# How to complete this task:
I'd like the entire listing output verbatim, apart from the pictures.

# Records for this exercise:
---------------
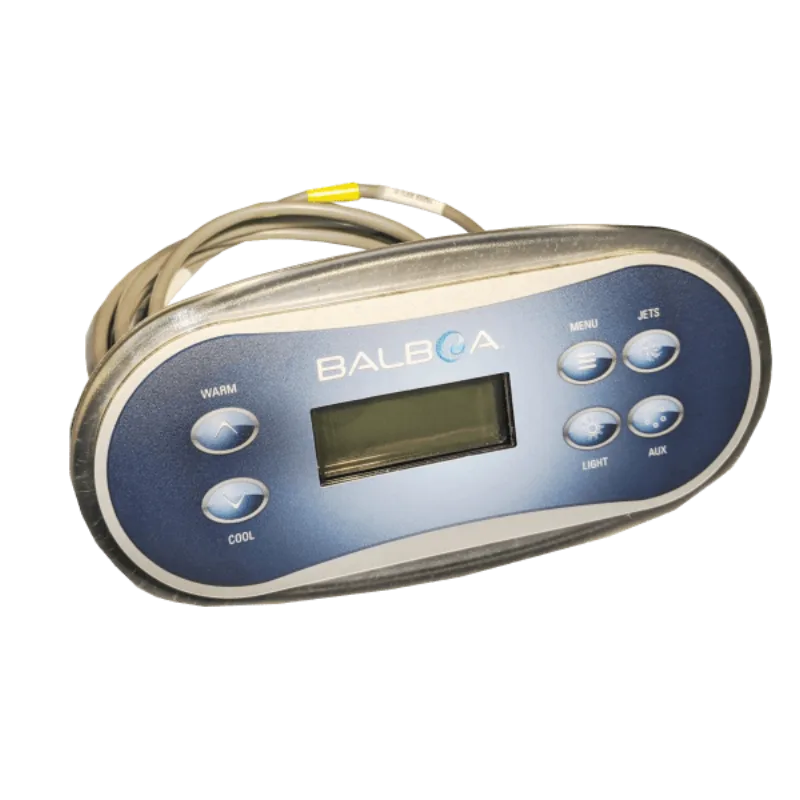 Balboa TP500S Control Panel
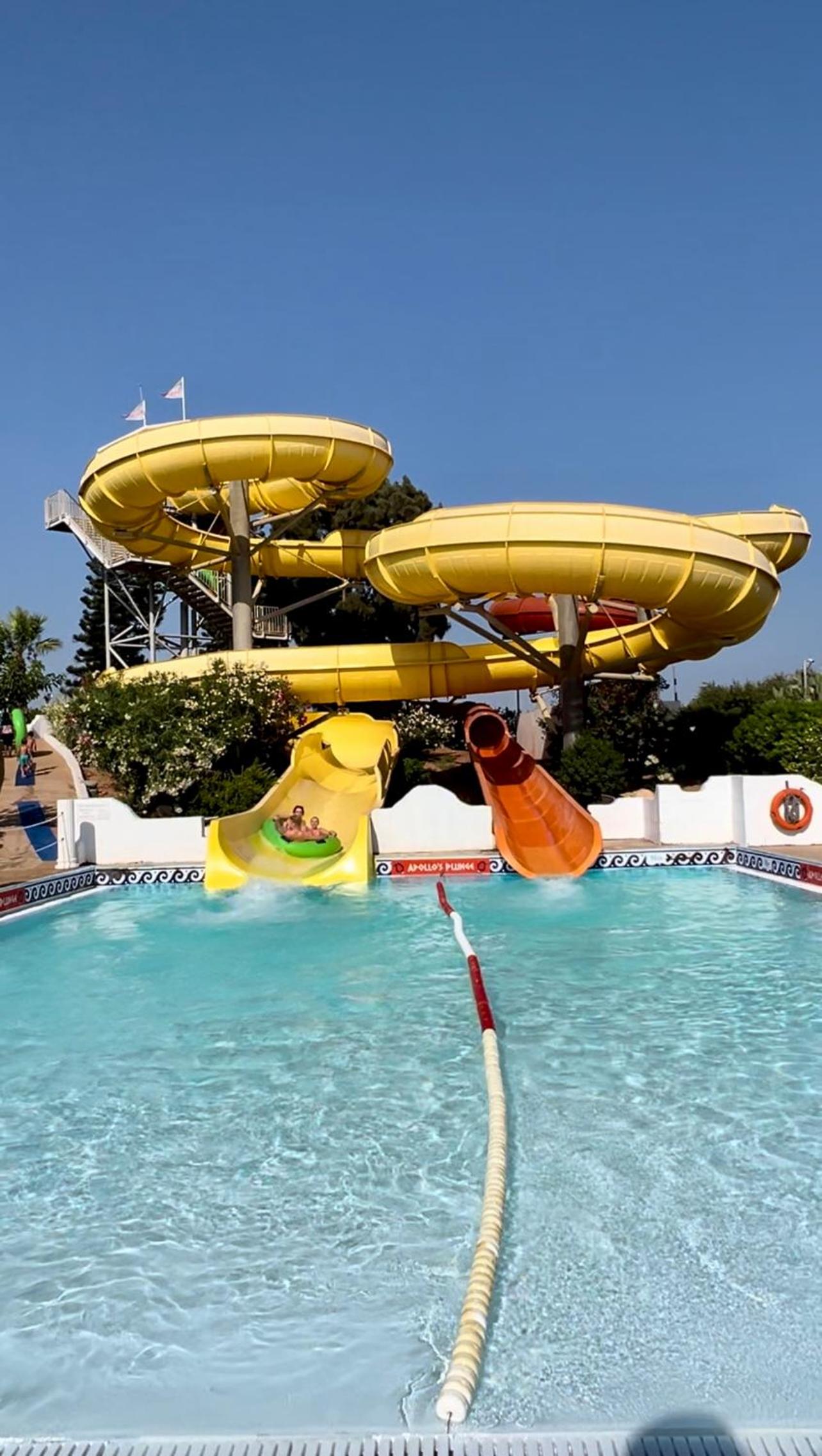 Ayia Napa Villa Jasmine Sirens Beach Dom na Cyprze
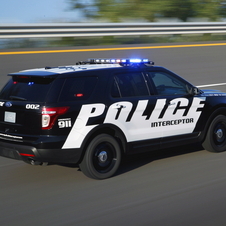 Ford Police Interceptor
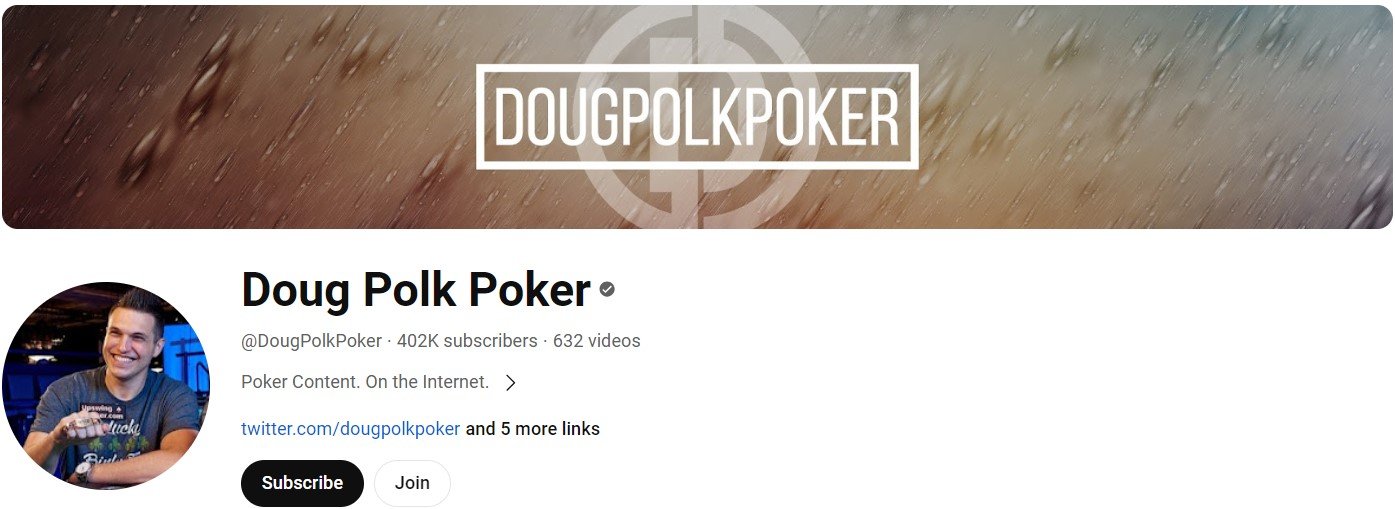 Doug Polk Poker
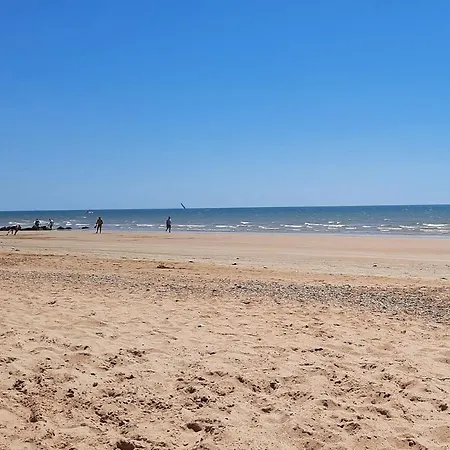Lägenhet Moderne, Vue Mer, Pour 4 Personnes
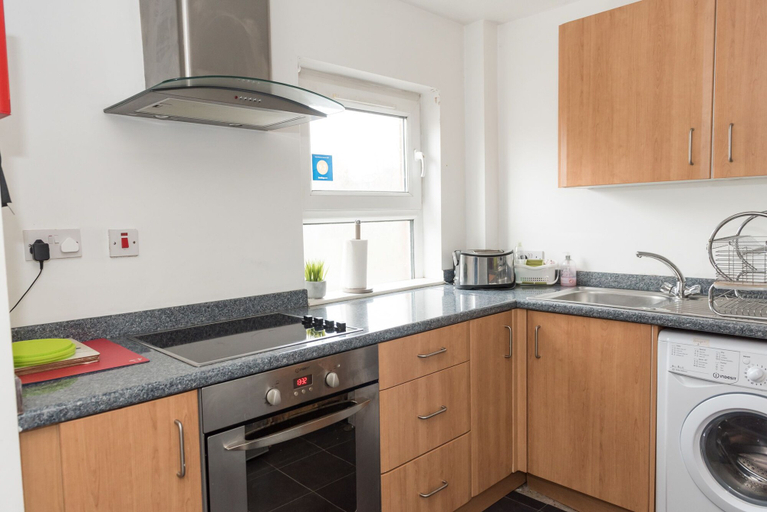 Others 5, Belfast City Central by BHR Apartments, Belfast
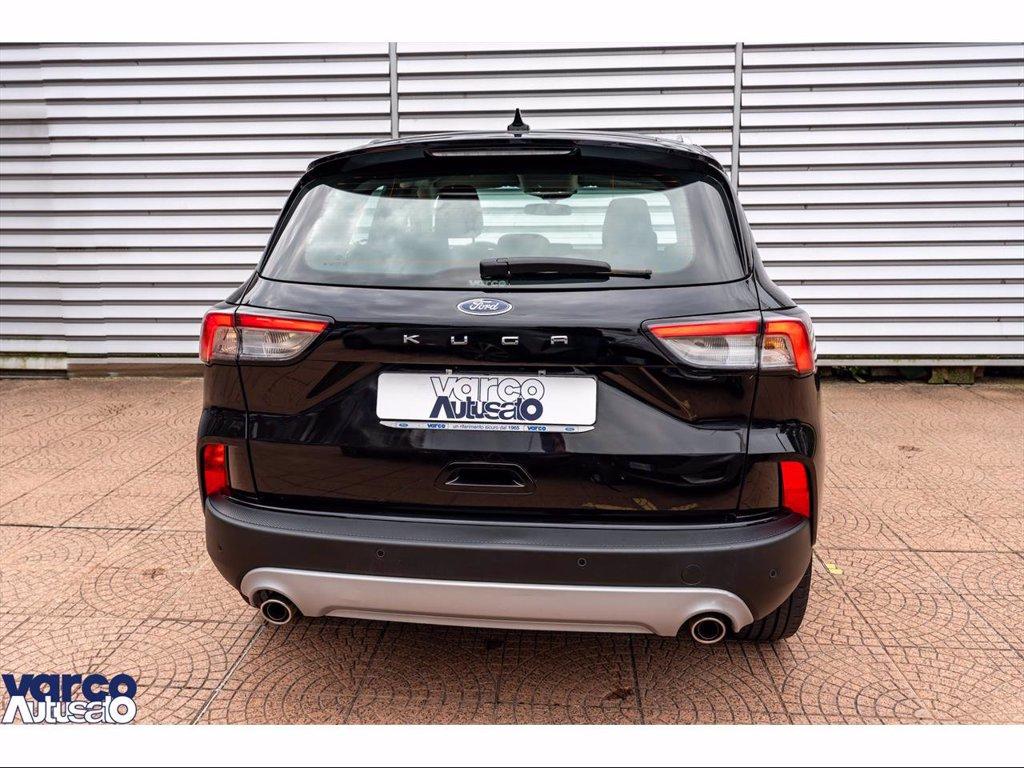 FORD Kuga 1.5 ecoboost connect 2wd 120cv del 2021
---------------
# Expected answer:
 Balboa TP500S Control Panel
 Ayia Napa Villa Jasmine Sirens Beach Dom na Cyprze
 Ford Police Interceptor
 Doug Polk Poker
Lägenhet Moderne, Vue Mer, Pour 4 Personnes
 Others 5, Belfast City Central by BHR Apartments, Belfast
 FORD Kuga 1.5 ecoboost connect 2wd 120cv del 2021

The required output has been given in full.